§ PROBLEM STATEMENT: Please repeat the listing exactly, with every line intact.
/---
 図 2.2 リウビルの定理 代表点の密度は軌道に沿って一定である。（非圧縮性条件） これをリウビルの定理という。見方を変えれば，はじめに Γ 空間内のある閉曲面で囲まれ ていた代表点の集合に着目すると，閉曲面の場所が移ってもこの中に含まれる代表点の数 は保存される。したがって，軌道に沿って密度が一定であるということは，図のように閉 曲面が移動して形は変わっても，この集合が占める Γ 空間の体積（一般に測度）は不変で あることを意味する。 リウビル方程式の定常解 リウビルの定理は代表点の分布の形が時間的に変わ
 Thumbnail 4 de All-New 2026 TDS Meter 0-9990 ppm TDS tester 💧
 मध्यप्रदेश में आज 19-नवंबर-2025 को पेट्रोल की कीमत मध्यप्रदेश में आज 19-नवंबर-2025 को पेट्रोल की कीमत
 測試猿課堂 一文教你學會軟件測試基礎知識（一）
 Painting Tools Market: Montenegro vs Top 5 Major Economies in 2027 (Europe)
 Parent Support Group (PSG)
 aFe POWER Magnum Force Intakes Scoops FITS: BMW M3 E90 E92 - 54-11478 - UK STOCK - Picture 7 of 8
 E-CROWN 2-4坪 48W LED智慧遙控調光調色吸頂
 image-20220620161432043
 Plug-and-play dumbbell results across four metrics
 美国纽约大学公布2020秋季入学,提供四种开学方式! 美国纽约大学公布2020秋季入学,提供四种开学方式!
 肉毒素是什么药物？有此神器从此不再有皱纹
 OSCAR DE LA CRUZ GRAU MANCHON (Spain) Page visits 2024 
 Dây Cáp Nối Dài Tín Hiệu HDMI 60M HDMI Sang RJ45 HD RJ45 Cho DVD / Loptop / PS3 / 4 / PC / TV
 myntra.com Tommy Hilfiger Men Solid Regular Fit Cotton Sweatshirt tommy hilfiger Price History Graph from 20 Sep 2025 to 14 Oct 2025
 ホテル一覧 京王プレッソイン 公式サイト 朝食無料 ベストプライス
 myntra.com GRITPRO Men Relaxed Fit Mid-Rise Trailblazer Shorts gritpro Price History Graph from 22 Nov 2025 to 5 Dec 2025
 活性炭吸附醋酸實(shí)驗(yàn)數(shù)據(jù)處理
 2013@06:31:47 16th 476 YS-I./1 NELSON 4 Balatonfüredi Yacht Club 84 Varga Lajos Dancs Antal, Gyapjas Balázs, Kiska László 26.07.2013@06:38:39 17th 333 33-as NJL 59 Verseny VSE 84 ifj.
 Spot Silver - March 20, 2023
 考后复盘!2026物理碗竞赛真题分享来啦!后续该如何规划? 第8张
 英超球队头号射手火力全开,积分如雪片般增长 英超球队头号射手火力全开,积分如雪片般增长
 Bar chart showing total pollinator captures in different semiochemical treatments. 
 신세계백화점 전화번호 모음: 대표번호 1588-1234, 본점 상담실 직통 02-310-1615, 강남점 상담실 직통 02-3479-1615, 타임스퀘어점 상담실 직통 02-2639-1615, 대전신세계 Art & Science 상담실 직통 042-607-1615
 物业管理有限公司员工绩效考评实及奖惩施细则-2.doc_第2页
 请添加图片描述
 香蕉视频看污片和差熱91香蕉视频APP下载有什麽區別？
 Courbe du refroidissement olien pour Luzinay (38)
\---
§ RESPONSE TO THE EXERCISE:
 図 2.2 リウビルの定理 代表点の密度は軌道に沿って一定である。（非圧縮性条件） これをリウビルの定理という。見方を変えれば，はじめに Γ 空間内のある閉曲面で囲まれ ていた代表点の集合に着目すると，閉曲面の場所が移ってもこの中に含まれる代表点の数 は保存される。したがって，軌道に沿って密度が一定であるということは，図のように閉 曲面が移動して形は変わっても，この集合が占める Γ 空間の体積（一般に測度）は不変で あることを意味する。 リウビル方程式の定常解 リウビルの定理は代表点の分布の形が時間的に変わ
 Thumbnail 4 de All-New 2026 TDS Meter 0-9990 ppm TDS tester 💧
 मध्यप्रदेश में आज 19-नवंबर-2025 को पेट्रोल की कीमत मध्यप्रदेश में आज 19-नवंबर-2025 को पेट्रोल की कीमत
 測試猿課堂 一文教你學會軟件測試基礎知識（一）
 Painting Tools Market: Montenegro vs Top 5 Major Economies in 2027 (Europe)
 Parent Support Group (PSG)
 aFe POWER Magnum Force Intakes Scoops FITS: BMW M3 E90 E92 - 54-11478 - UK STOCK - Picture 7 of 8
 E-CROWN 2-4坪 48W LED智慧遙控調光調色吸頂
 image-20220620161432043
 Plug-and-play dumbbell results across four metrics
 美国纽约大学公布2020秋季入学,提供四种开学方式! 美国纽约大学公布2020秋季入学,提供四种开学方式!
 肉毒素是什么药物？有此神器从此不再有皱纹
 OSCAR DE LA CRUZ GRAU MANCHON (Spain) Page visits 2024 
 Dây Cáp Nối Dài Tín Hiệu HDMI 60M HDMI Sang RJ45 HD RJ45 Cho DVD / Loptop / PS3 / 4 / PC / TV
 myntra.com Tommy Hilfiger Men Solid Regular Fit Cotton Sweatshirt tommy hilfiger Price History Graph from 20 Sep 2025 to 14 Oct 2025
 ホテル一覧 京王プレッソイン 公式サイト 朝食無料 ベストプライス
 myntra.com GRITPRO Men Relaxed Fit Mid-Rise Trailblazer Shorts gritpro Price History Graph from 22 Nov 2025 to 5 Dec 2025
 活性炭吸附醋酸實(shí)驗(yàn)數(shù)據(jù)處理
 2013@06:31:47 16th 476 YS-I./1 NELSON 4 Balatonfüredi Yacht Club 84 Varga Lajos Dancs Antal, Gyapjas Balázs, Kiska László 26.07.2013@06:38:39 17th 333 33-as NJL 59 Verseny VSE 84 ifj.
 Spot Silver - March 20, 2023
 考后复盘!2026物理碗竞赛真题分享来啦!后续该如何规划? 第8张
 英超球队头号射手火力全开,积分如雪片般增长 英超球队头号射手火力全开,积分如雪片般增长
 Bar chart showing total pollinator captures in different semiochemical treatments. 
 신세계백화점 전화번호 모음: 대표번호 1588-1234, 본점 상담실 직통 02-310-1615, 강남점 상담실 직통 02-3479-1615, 타임스퀘어점 상담실 직통 02-2639-1615, 대전신세계 Art & Science 상담실 직통 042-607-1615
 物业管理有限公司员工绩效考评实及奖惩施细则-2.doc_第2页
 请添加图片描述
 香蕉视频看污片和差熱91香蕉视频APP下载有什麽區別？
 Courbe du refroidissement olien pour Luzinay (38)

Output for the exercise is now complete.